Proceedings of the Commissioners Respecting the Records of Henrico Court Destroyed by the Enemy.
In the immediate aftermath of the Revolution Henrico officials assessed the damages to official records done by Benedict Arnold’s recent capture of Richmond.
Adam Craig, the new Clerk of Henrico Court, placed a notice in the Virginia Gazette of 7 Sep 1782, that the justices of Henrico County would take depositions, hear and examine witnesses, and receive all original papers and attested copies of persons affected by the destruction of records of the County Court. He alerted the public that the following records were found to be missing:
Deeds from 1718 to 1725, 1744 to 1737 [sic], 1774 to October 1781;
Wills from 1718 to 1725. 1744 to 1737 [sic], 1767 to October 1781;
Judgments and Orders from 1710 to 1714, 1731 to 1737, and 1769 to 1772.
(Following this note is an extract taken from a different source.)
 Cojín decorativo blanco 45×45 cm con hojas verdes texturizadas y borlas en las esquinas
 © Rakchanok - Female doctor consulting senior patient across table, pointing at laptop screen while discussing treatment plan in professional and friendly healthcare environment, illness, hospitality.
A commission was established by which documents which had been recorded and subsequently destroyed by the British could be established by sworn testimony, even where no copy survived. Between 1783 and 1789 the commssion compiled the results of this re-recording effort.
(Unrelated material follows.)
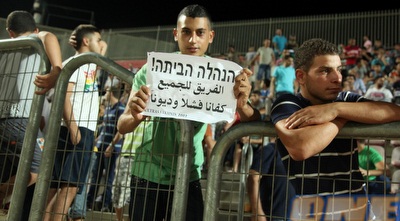 אחד מאוהדי סכנין עם שלט מחאה נגד ההנהלה (עמית מצפה)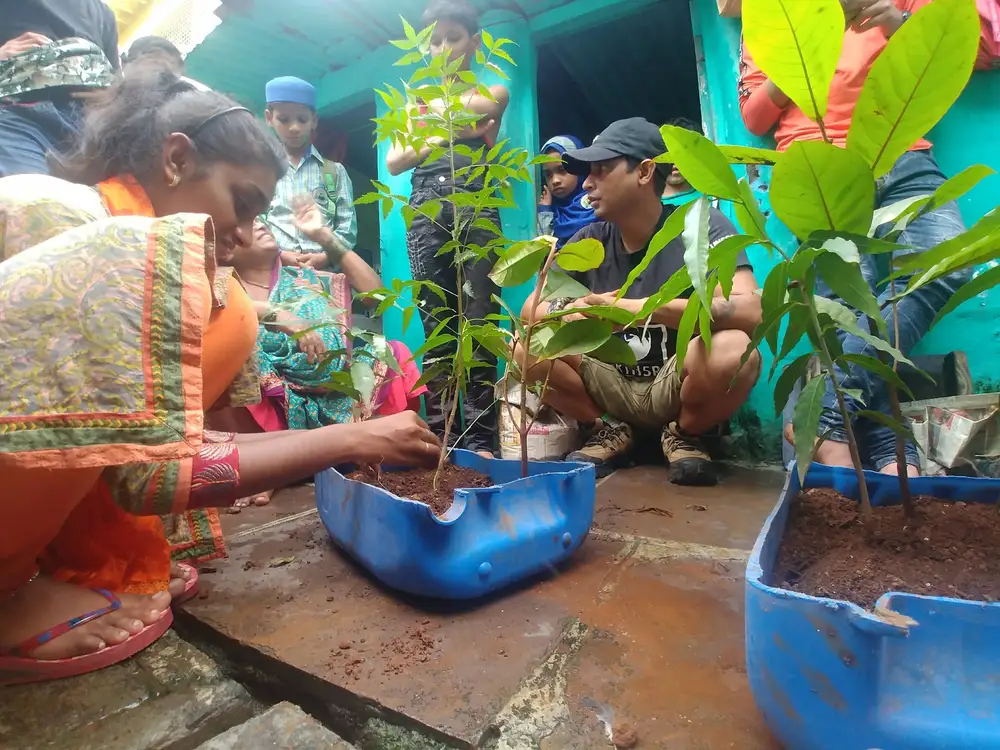 Residents planting saplings in upcycled blue containers filled with compost made from zero waste buildings in Mumbai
Not every destroyed document was re-recorded. This was not an attempt to recreate the record books that had existed. Only documents produced or described by persons seeking to have them recorded again were considered, either by the Court or by the Commission. As a result, significant gaps remain in the records.
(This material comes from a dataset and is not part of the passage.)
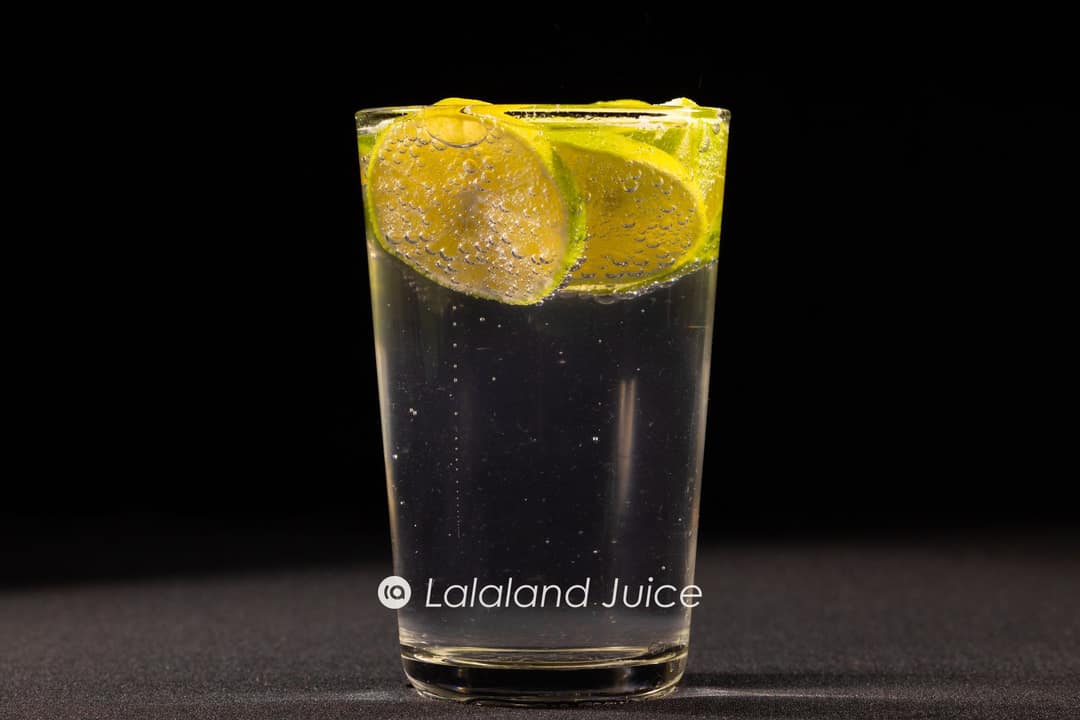 The pink Lalaland Juice flask on a marble tabletop beside a tall glass of sparkling soda water over ice, dressed with a slice of lime and loose calamansi — the fizzy, near-zero-sugar refresher.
The current volume is not a full transcription. More properly described, it is a collection of notes taken by the author on the actual document examined in the form of a photostat of the original, which is clearer than the microfilm. These notes contain more information than would typically be found in an abstract of the document. They frequently use the words of the original entry, but only occasionally are exact quotations. Dates are rendered numerically, not writing out the full date. All the language essential to understanding the entry is presented.